Networks arise naturally in many areas of life; supermarkets use networks of customers to propose specific deals to targeted groups; banks orchestrate a complex system of transactions between them and clients; terrorists organise themselves in networks spread across countries; media and social networks dominate our lives, and inside each living being genes express and co-regulate themselves via complex networks. Graphs are mathematical objects that can be used to describe networks in terms of a set of nodes (vertices) and their interconnections (edges).
The goal of Network clustering is to provide a partition of the network into clusters or communities (groups) of related nodes. Many algorithms exist that can automatically infer such clusters under various assumptions and a range of validation measures can be used to determine the quality of the resulting partition and improve our understanding of the network structure.

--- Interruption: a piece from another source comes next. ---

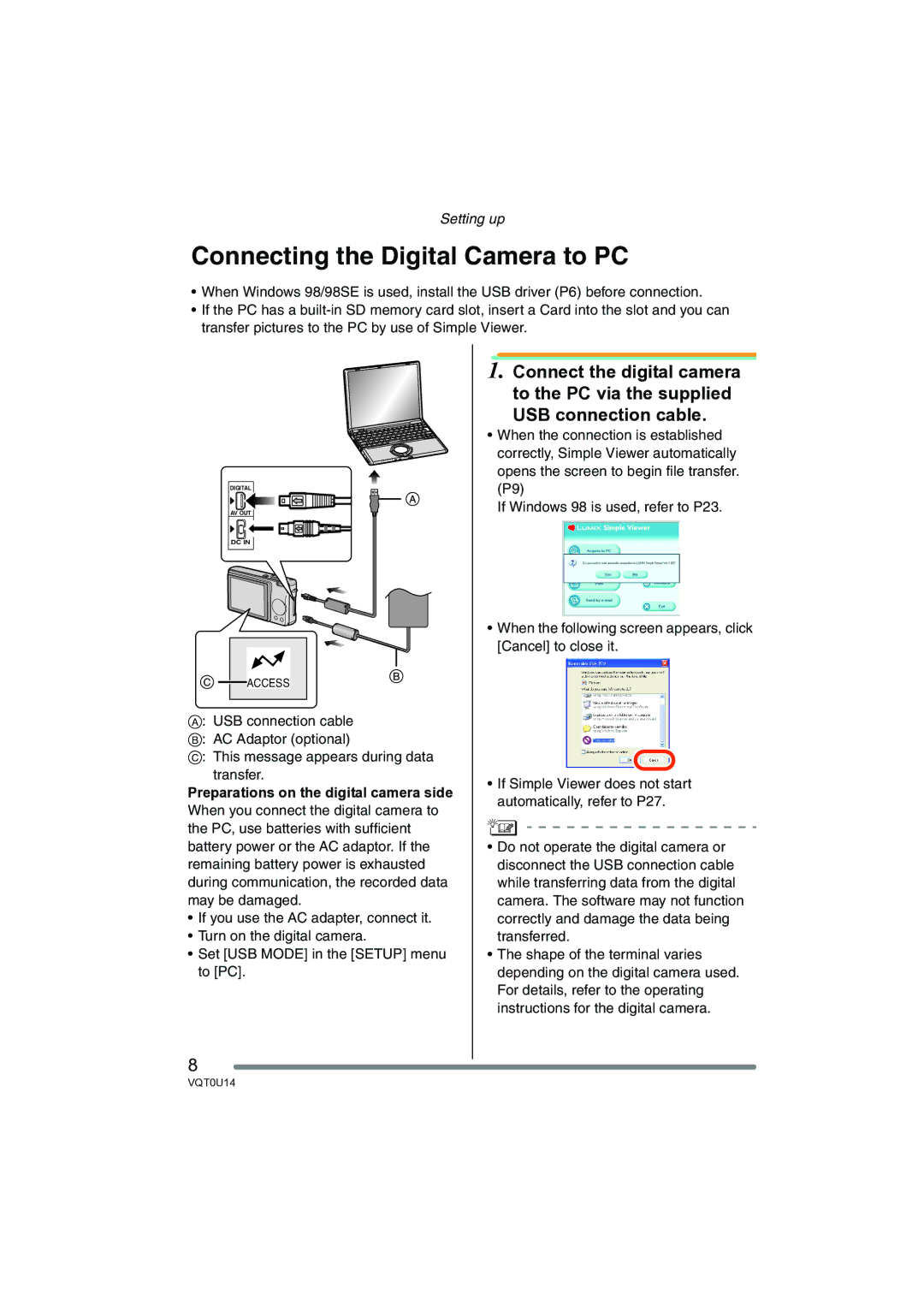 Panasonic VQT0U14 operating instructions Connecting the Digital Camera to PC, Preparations on the digital camera side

Most of these algorithms only consider the topology of the network under study, however, additional information about each node, i.e. metadata, is often available to us and we might be able to use this to further validate the partition and improve our understanding of the network structure.

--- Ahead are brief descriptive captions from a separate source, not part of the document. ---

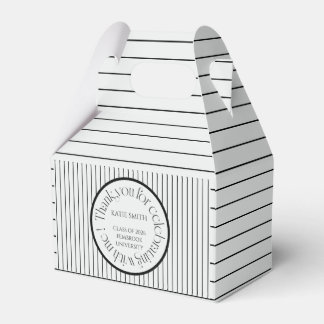 Moderne elegante schwarze Streifen & kühne Typogra Geschenkschachtel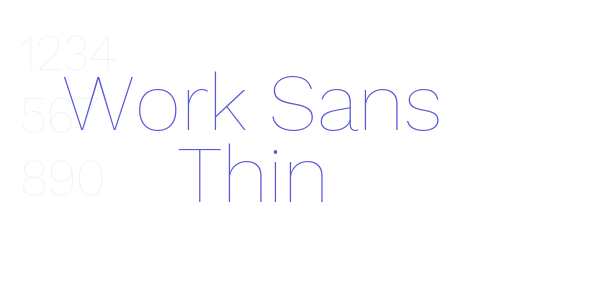 Work Sans Thin font free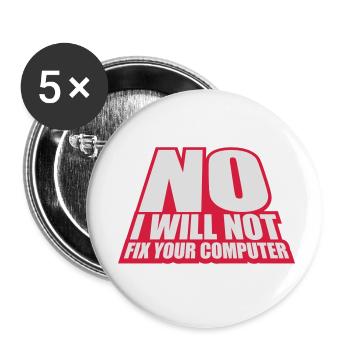 not fix your computer - Buttons small 1''/25 mm (5-pack) - white - Front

For example, in biological gene networks, proteins or cellular functions are expected to correlate to the gene clusters. As a further example, in a social network, such as Facebook, we expect gender or age to correlate to clusters of people. In addition to this, in many complex systems, the exact relationship between nodes is unobserved or unknown. In some cases, we may observe interdependent signals from the nodes, such as time series.

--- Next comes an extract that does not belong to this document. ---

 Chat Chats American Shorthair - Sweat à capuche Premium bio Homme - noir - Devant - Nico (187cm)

We aim to use such signals to infer the missing relationships. This project will consider a range of approaches to explore the relation of networks metadata with a given network partition when network edges are unobserved. The automatic embedding of metadata alongside class label inference will be investigated using a hierarchical Bayesian modelling approach. The most important stage of this research will be to automatically model the mismatch between metadata, predicted edges and ground truth.
The output of this research will have a high impact in the field of biomedical science, where there is the need for fast integration of partial information on biological samples and class prediction.